• [PROBLEM REQUIREMENTS] Copy each line exactly, starting with the one that contains "Wholesale Jelly AB" and stopping after the last line of the material below, with nothing else.

• [MATERIAL FOR THIS TASK]
== Segment start ==

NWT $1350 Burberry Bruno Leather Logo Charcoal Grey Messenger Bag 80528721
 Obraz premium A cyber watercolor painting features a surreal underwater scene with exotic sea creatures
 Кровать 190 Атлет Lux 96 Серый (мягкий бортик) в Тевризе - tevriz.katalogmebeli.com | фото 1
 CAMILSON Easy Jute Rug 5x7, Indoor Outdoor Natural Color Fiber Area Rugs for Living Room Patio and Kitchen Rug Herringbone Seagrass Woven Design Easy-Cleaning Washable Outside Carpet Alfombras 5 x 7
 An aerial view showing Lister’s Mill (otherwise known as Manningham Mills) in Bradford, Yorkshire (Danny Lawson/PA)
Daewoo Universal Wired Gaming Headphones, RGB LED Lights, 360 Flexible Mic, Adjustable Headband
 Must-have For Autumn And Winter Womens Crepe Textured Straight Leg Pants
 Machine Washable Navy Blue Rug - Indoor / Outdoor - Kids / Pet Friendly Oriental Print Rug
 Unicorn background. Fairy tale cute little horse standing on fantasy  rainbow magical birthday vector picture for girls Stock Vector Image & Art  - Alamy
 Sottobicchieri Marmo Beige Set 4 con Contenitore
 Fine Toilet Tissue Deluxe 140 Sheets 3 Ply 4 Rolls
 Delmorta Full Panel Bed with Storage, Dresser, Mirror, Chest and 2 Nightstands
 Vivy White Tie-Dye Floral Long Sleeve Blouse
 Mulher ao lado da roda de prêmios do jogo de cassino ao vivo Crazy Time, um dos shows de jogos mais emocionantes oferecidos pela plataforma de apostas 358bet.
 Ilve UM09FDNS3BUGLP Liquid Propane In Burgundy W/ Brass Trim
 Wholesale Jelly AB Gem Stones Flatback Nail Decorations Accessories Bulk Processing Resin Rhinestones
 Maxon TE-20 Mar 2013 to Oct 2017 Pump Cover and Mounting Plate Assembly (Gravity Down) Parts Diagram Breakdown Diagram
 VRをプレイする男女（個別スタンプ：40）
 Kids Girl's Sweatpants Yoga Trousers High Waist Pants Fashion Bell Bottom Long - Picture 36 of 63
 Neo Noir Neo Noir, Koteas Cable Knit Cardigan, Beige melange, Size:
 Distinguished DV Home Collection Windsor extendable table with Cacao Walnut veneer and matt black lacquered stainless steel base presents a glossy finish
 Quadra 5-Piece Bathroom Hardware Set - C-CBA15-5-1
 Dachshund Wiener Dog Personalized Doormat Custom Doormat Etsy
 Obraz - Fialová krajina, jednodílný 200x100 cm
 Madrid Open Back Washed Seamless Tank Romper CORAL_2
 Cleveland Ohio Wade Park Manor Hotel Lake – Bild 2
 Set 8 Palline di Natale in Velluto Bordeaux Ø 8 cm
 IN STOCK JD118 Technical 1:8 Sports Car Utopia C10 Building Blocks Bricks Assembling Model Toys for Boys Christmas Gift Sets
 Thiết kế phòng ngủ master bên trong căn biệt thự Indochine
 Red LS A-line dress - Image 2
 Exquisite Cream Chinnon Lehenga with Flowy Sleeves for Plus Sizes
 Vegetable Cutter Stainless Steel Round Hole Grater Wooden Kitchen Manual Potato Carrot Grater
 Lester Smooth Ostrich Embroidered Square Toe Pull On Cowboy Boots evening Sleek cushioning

== Segment end ==

• [WRITTEN ANSWER]
 Wholesale Jelly AB Gem Stones Flatback Nail Decorations Accessories Bulk Processing Resin Rhinestones
 Maxon TE-20 Mar 2013 to Oct 2017 Pump Cover and Mounting Plate Assembly (Gravity Down) Parts Diagram Breakdown Diagram
 VRをプレイする男女（個別スタンプ：40）
 Kids Girl's Sweatpants Yoga Trousers High Waist Pants Fashion Bell Bottom Long - Picture 36 of 63
 Neo Noir Neo Noir, Koteas Cable Knit Cardigan, Beige melange, Size:
 Distinguished DV Home Collection Windsor extendable table with Cacao Walnut veneer and matt black lacquered stainless steel base presents a glossy finish
 Quadra 5-Piece Bathroom Hardware Set - C-CBA15-5-1
 Dachshund Wiener Dog Personalized Doormat Custom Doormat Etsy
 Obraz - Fialová krajina, jednodílný 200x100 cm
 Madrid Open Back Washed Seamless Tank Romper CORAL_2
 Cleveland Ohio Wade Park Manor Hotel Lake – Bild 2
 Set 8 Palline di Natale in Velluto Bordeaux Ø 8 cm
 IN STOCK JD118 Technical 1:8 Sports Car Utopia C10 Building Blocks Bricks Assembling Model Toys for Boys Christmas Gift Sets
 Thiết kế phòng ngủ master bên trong căn biệt thự Indochine
 Red LS A-line dress - Image 2
 Exquisite Cream Chinnon Lehenga with Flowy Sleeves for Plus Sizes
 Vegetable Cutter Stainless Steel Round Hole Grater Wooden Kitchen Manual Potato Carrot Grater
 Lester Smooth Ostrich Embroidered Square Toe Pull On Cowboy Boots evening Sleek cushioning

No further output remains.